Resolvió que ya tenía su segunda meta; al oír a Francesco se le encendió una esperanza en el pecho. Se creyó joven y se prometió que no dejaría de nadar, que se esforzaría como Francesco decía. Y él sabría que cuando la voz de sus padres con sus insultos, con sus reproches, y la de Catalina con sus mentiras, con las promesas falsas de siempre estar ahí, un día se irían.

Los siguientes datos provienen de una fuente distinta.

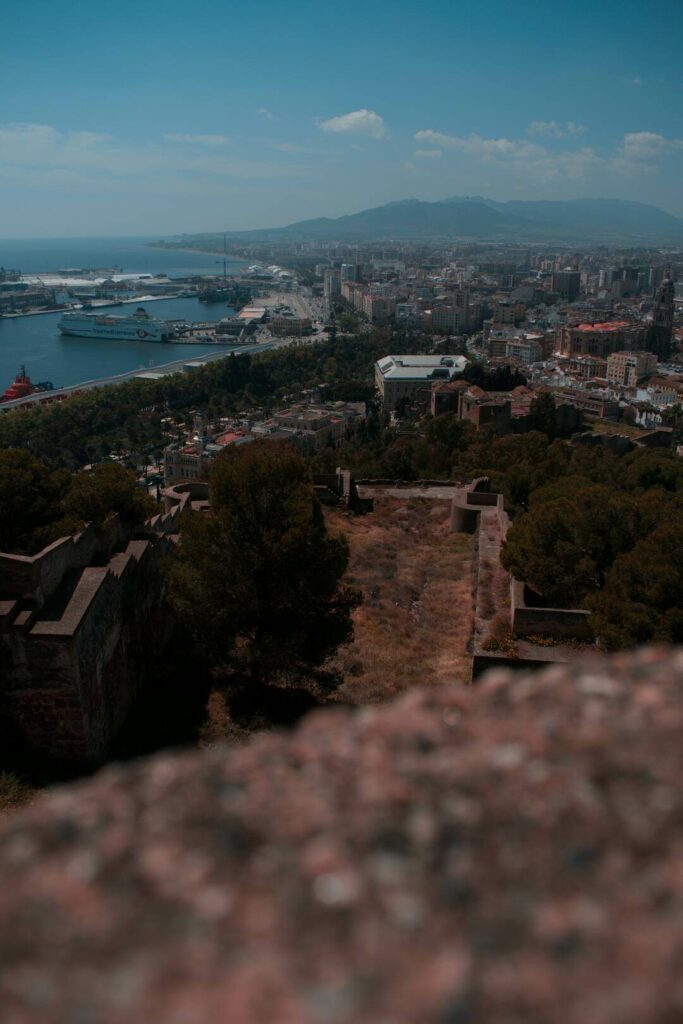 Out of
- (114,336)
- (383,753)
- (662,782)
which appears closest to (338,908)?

Un día miraría hacia atrás y sabría que forjar sus sueños como se hacía con el hierro, había valido la pena. Por lo pronto, fingir que nada dolía era lo indicado. Delante de sí se bifurcaban un par de caminos, direcciones por las que necesitaba decidirse. Contempló una idea vaga que resonaba en su cabeza: a lo mejor lo de Catalina se le iba a pasar porque la ilusión neófita se va, el amor platónico se extingue y las enmendaduras del corazón desaparecen.
Le esperaba una vida de caídas, una vida en la que ni Catalina ni sus padres tenían ya lugar.